***** GIVEN RECORDS
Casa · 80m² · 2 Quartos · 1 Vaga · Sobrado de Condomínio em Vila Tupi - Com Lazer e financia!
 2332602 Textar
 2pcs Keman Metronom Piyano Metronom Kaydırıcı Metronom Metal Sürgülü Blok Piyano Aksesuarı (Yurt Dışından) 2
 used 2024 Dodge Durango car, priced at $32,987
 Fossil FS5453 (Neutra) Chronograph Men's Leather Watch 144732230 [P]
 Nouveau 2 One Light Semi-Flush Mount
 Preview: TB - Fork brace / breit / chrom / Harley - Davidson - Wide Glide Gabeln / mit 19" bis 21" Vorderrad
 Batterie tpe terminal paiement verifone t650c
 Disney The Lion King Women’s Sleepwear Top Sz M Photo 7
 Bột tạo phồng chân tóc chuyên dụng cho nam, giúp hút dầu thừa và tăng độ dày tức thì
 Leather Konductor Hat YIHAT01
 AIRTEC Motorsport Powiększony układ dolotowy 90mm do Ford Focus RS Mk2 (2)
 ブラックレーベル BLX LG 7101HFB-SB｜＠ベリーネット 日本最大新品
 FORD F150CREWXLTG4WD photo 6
**********
Looking at the records above, please output exactly the lines that run from the one holding "2pcs Keman Metronom" to the final line, and only those.

* [WRITTEN RESPONSE]
 2pcs Keman Metronom Piyano Metronom Kaydırıcı Metronom Metal Sürgülü Blok Piyano Aksesuarı (Yurt Dışından) 2
 used 2024 Dodge Durango car, priced at $32,987
 Fossil FS5453 (Neutra) Chronograph Men's Leather Watch 144732230 [P]
 Nouveau 2 One Light Semi-Flush Mount
 Preview: TB - Fork brace / breit / chrom / Harley - Davidson - Wide Glide Gabeln / mit 19" bis 21" Vorderrad
 Batterie tpe terminal paiement verifone t650c
 Disney The Lion King Women’s Sleepwear Top Sz M Photo 7
 Bột tạo phồng chân tóc chuyên dụng cho nam, giúp hút dầu thừa và tăng độ dày tức thì
 Leather Konductor Hat YIHAT01
 AIRTEC Motorsport Powiększony układ dolotowy 90mm do Ford Focus RS Mk2 (2)
 ブラックレーベル BLX LG 7101HFB-SB｜＠ベリーネット 日本最大新品
 FORD F150CREWXLTG4WD photo 6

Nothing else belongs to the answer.